Third, work requirements are just a stalking horse for imposing other obstacles in the way of Americans seeking Medicaid. We know this from the record of Kentucky, where Republican Gov. Matt Bevin started with a work requirement, and moved on in his proposal for a waiver of Medicaid rules into a fully punitive plan that imposes premiums on the poorest residents of his state and threatens to throw enrollees off their coverage for as long as six months for missing a payment.
Bevin announced that Kentucky Helping to Engage and Achieve Long Term Health, or the Kentucky HEALTH program (the name of which sounds like it was crafted by the Dept. of Redundancy Dept.) would launch in July. He said that 95,000 out of the more than 440,000 Medicaid expansion recipients could lose their coverage as a result of the new requirements, speaking as if this were a good thing.
"It will be transformational,” he said at a news conference. "Something we have not seen in America in a quarter century." Yes, that’s true.
No one who understands that Medicaid’s purpose is to provide people with healthcare would even think of proposing a system like that. The proposal is still before HHS, but it’s expected to be approved.

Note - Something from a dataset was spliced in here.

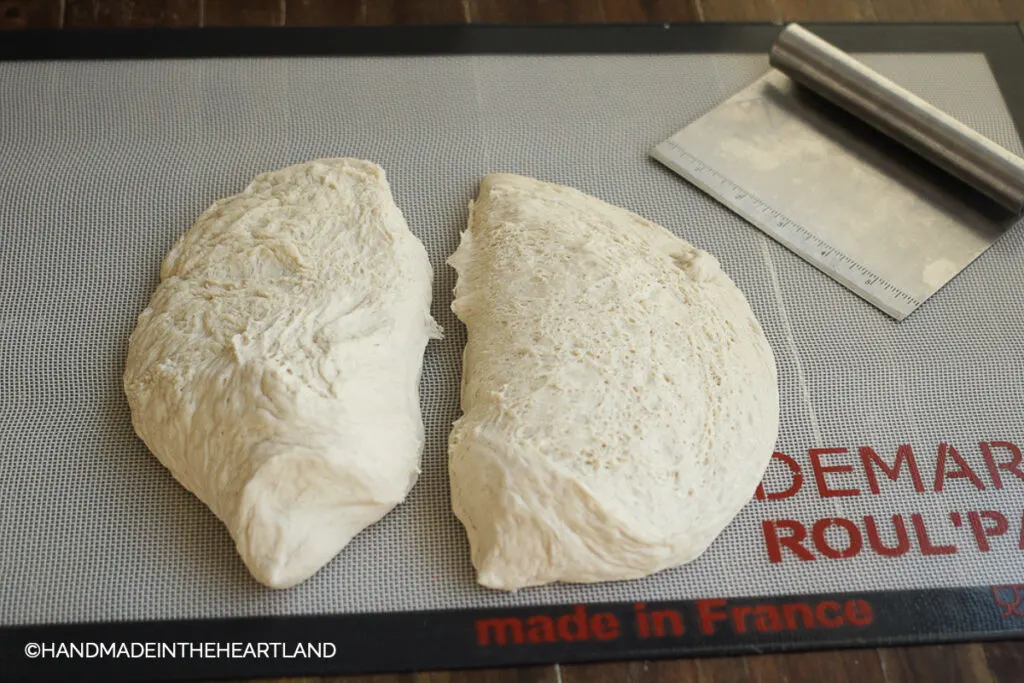 pizza dough sitting on a roul'pat silicone counter mat with silver metal pastry cutter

The most important points about a work requirement for Medicaid are that it isn’t necessary and it doesn’t work. According to a Kaiser Family Foundation analysis of census data, nearly 80% of adults on Medicaid already live in working families, and about 60% work themselves —without having been subject to a work requirement.
Of those who don’t work, almost all have a good reason. More than a third are ill or disabled, 9% are retired, 30% are taking care of their home or family members, 15% are going to school, and 6% haven’t been able to find work. Conservatives like to assert that Medicaid somehow suppresses the desire to work, but that appears to be a fantasy. Studies have found no evidence for it. For example, a study published in the journal Health Affairs in 2016 found that “Medicaid expansion did not result in significant changes in employment, job switching, or full- versus part-time status.”

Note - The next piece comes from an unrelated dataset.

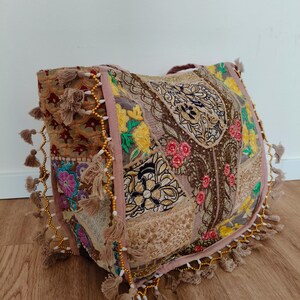 Könnte beinhalten: Eine große Tragetasche mit einem Patchwork-Design aus bestickten Stoffen in Rosa-, Gold-, Gelb- und Brauntönen. Die Tasche ist mit zahlreichen kleinen beigen Quasten und goldfarbenen Perlenketten an den Kanten und Seitenteilen verziert.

What the evidence does show, however, is that work requirements attached to social programs are ineffective. The best research involves TANF, or Temporary Assistance for Needy Families program, which replaced traditional welfare and added a work mandate. Several studies have shown that TANF recipients who are able to work do so whether or not they’re subject to the requirement, which suggests that it’s not necessary. Those who find employment end up in low-wage jobs, typically earning about as much as the TANF and food stamp benefits their earnings replaced.

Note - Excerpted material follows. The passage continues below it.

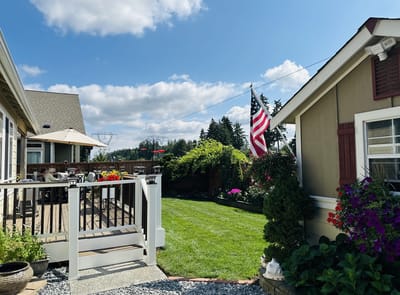 Well-maintained garden area with American flag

“Work had not lifted them out of poverty or increased their income relative to what they had received from TANF and food stamps,” one study found, contrary to Verma’s aspirational language. The work requirements failed to reflect that many of the program enrollees faced social, educational or physical barriers to employment, conditions that are likely to be replicated among unemployed Medicaid recipients.
Moreover, the work requirements added bureaucratic burdens that affected program administrators as well as enrollees, sometimes severe enough to discourage enrollment. Maybe that’s the point.
Of course, nothing’s wrong with state agencies encouraging needy people to seek out employment, job training, even volunteer work. But they don’t need Medicaid as a goad to set up such programs. More to the point, the Medicaid work requirement fails to recognize that good health is often a prerequisite to employment; turning that relationship upside-down or inside-out, so that people can’t get healthcare unless they’re working or seeking work won’t bring people either health or employment.
It should be obvious by now that all this talk about raising people out of poverty by jeopardizing their healthcare is cynical persiflage. What’s really going on is an attempt to turn Medicaid into a “welfare” program, which will make it easier to chop. The first step in that process is the depiction of its beneficiaries as the “undeserving poor,” a depiction with a history that goes back a hundred years, at least.